▸ Problem requirements: Pictures stay out; print the rest of the listing below exactly as it stands.

▸ Data segment:

<<<<

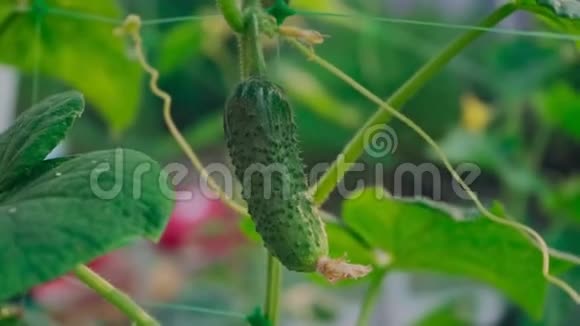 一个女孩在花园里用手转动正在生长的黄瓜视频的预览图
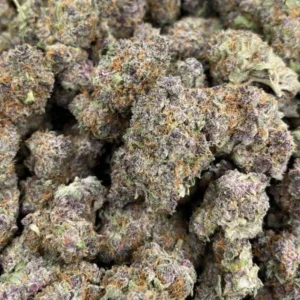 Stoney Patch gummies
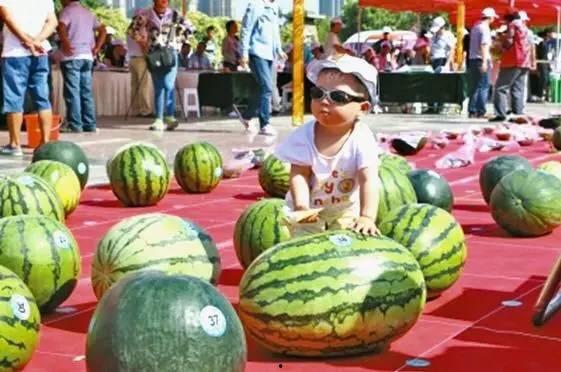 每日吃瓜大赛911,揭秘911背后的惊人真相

>>>>

▸ Expected answer:
 一个女孩在花园里用手转动正在生长的黄瓜视频的预览图
 Stoney Patch gummies
 每日吃瓜大赛911,揭秘911背后的惊人真相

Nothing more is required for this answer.